Problem »
Can the lines below, from the one that holds "CLEMENTONI – 19354" to the very end, be echoed exactly, with both ends included and no pictures?

━━━━━━━━

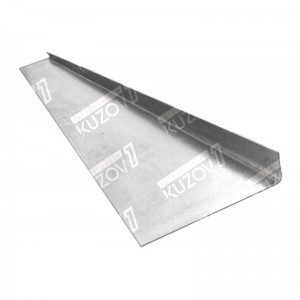 УНИВЕРСАЛЬНЫЙ УСИЛИТЕЛЬ ПОРОГА  1.0 ММ - фото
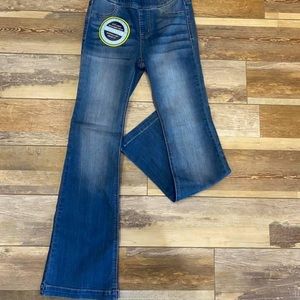 Cello pull on jeans 30” inseam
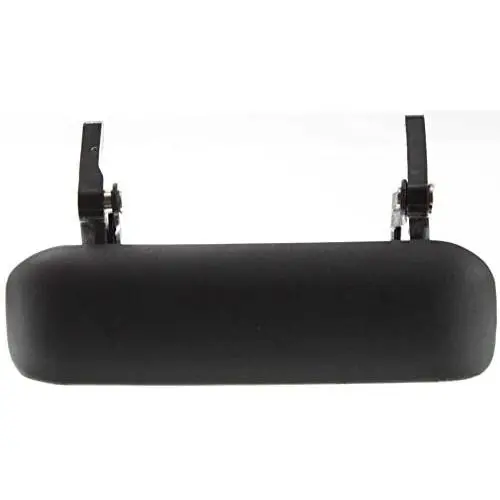Tailgate Handle compatible with Ford Ranger 1998-2011 Black
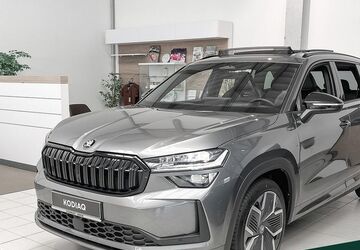 Skoda Kodiaq 29.997 km 44.730 &euro; Delmenhorst 27751
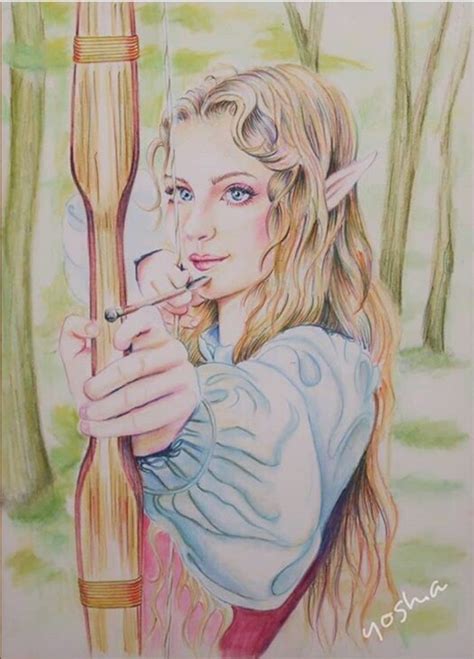 Art The Fairy Princess Chronicles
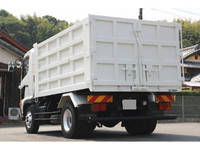 HINO Ranger Deep Dump TKG-FC9JCAP 2012 84,000km_2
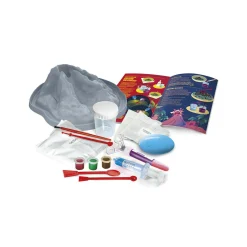 CLEMENTONI – 19354 – vulcani e super eruzioni – eruzioni fluorescenti><noscript><img width=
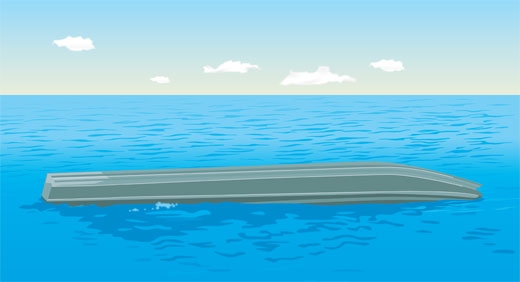 What Does Capsize Mean When Boating? | Boat Ed®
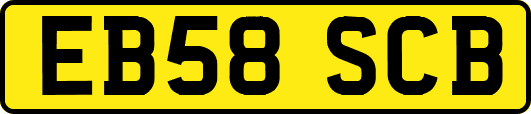 EB58SCB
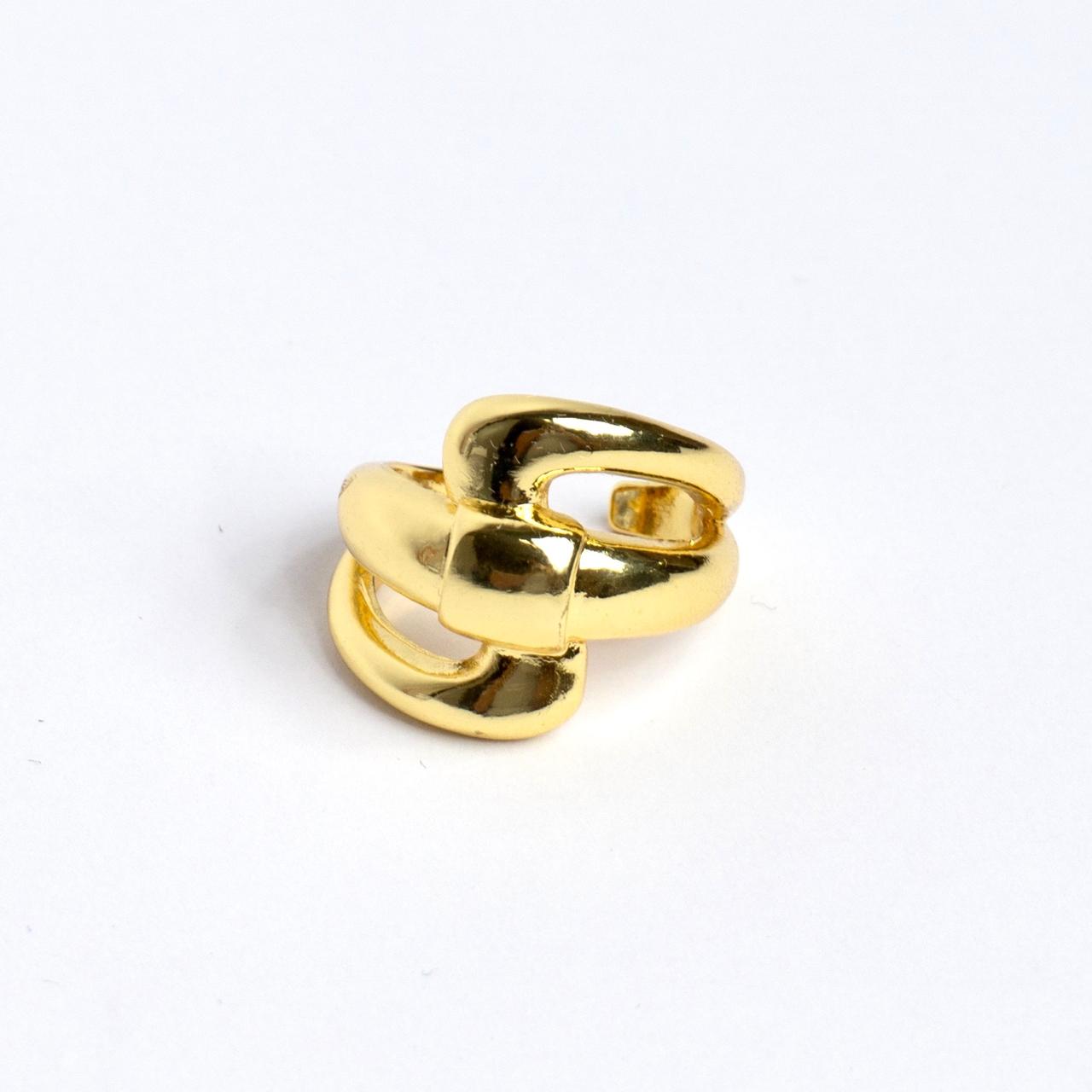 Anillo dorado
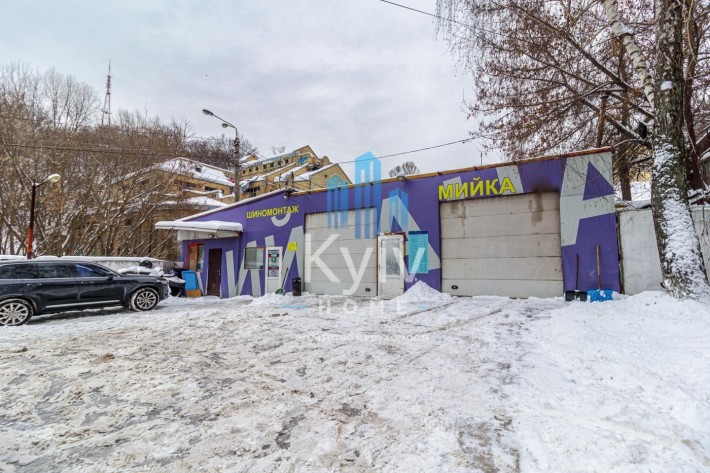 Продаж автомийки на Подолі/ Готовий бізнес/ 6 соток/ Київ - фото 1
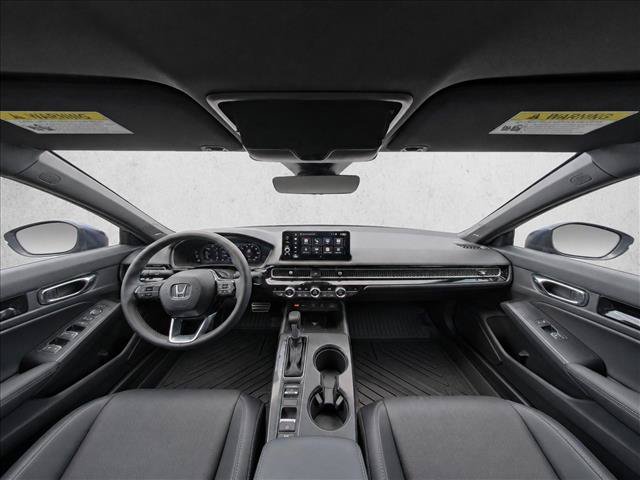 Used 2025 Honda Civic Sport Touring image 18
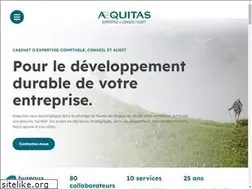 Sites similar to aequitas.fr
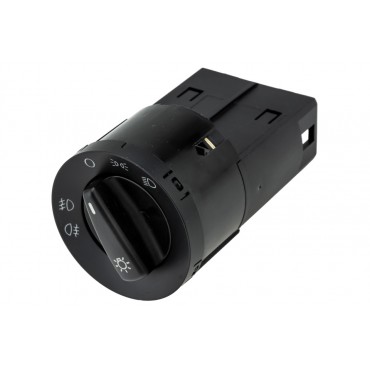 Commodo de Phares Pour VW Bora Golf IV Lupo New Beetle Passat Sharan 1C0941531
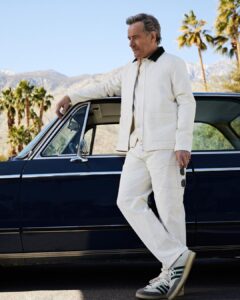 Bryan Cranston Instagram - Happy Valentine’s Day… BC @kith #palmsprings #valentines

━━━━━━━━

Answer to this exercise »
 CLEMENTONI – 19354 – vulcani e super eruzioni – eruzioni fluorescenti><noscript><img width=
 What Does Capsize Mean When Boating? | Boat Ed®
 EB58SCB
 Anillo dorado
 Продаж автомийки на Подолі/ Готовий бізнес/ 6 соток/ Київ - фото 1
 Used 2025 Honda Civic Sport Touring image 18
 Sites similar to aequitas.fr
 Commodo de Phares Pour VW Bora Golf IV Lupo New Beetle Passat Sharan 1C0941531
 Bryan Cranston Instagram - Happy Valentine’s Day… BC @kith #palmsprings #valentines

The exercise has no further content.